[[ The input, beginning ]]

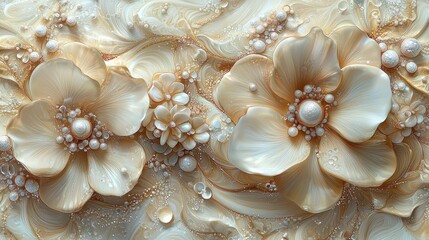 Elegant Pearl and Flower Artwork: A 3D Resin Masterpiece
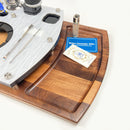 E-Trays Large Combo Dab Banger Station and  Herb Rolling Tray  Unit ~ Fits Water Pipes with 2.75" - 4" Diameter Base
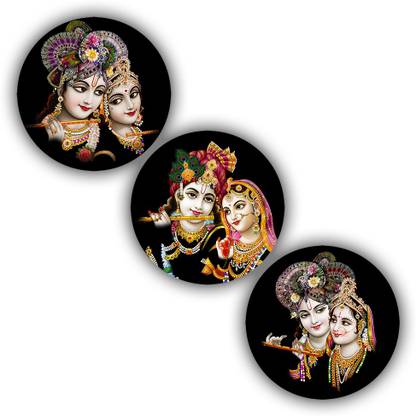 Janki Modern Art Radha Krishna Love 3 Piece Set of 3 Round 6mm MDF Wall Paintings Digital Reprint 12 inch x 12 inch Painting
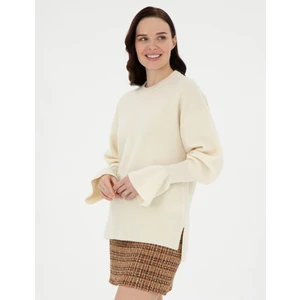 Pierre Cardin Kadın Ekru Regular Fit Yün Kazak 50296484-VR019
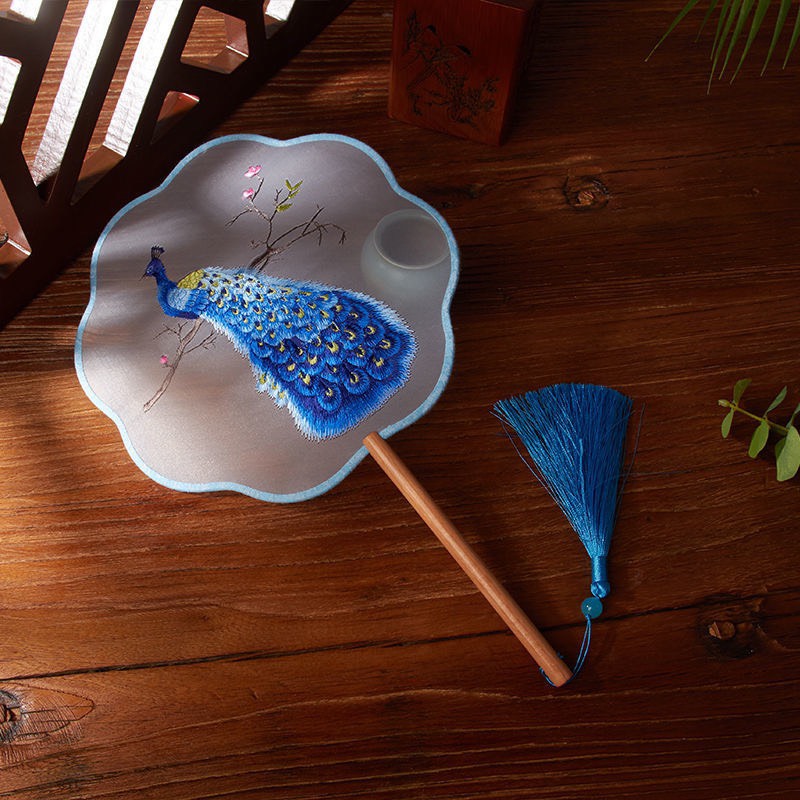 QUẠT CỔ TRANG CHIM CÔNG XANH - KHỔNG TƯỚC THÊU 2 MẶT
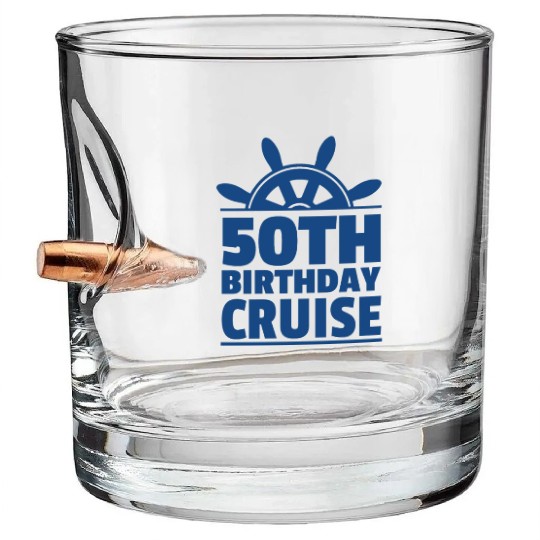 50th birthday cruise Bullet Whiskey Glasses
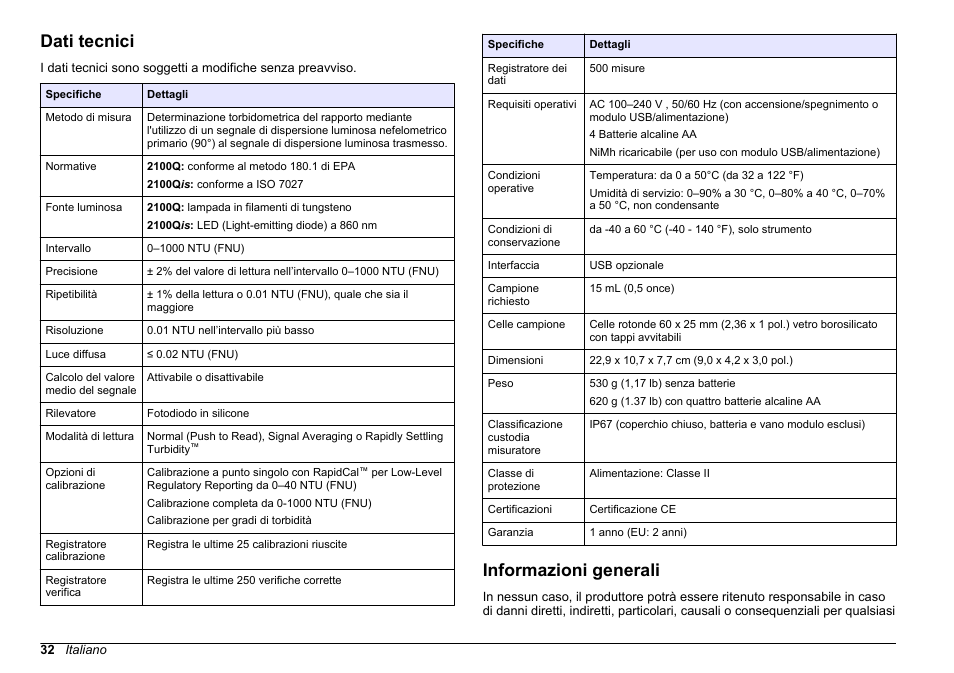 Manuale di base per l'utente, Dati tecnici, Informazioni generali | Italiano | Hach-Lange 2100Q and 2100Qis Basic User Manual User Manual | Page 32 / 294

[[ The input, end ]]

§ **Problem to work on**: From the line containing "50th birthday cruise Bullet Whiskey Glasses" down to the last line of the data above, transcribe exactly those lines and no others; omit the pictures.

§ **Result of the exercise**:
 50th birthday cruise Bullet Whiskey Glasses
 Manuale di base per l'utente, Dati tecnici, Informazioni generali | Italiano | Hach-Lange 2100Q and 2100Qis Basic User Manual User Manual | Page 32 / 294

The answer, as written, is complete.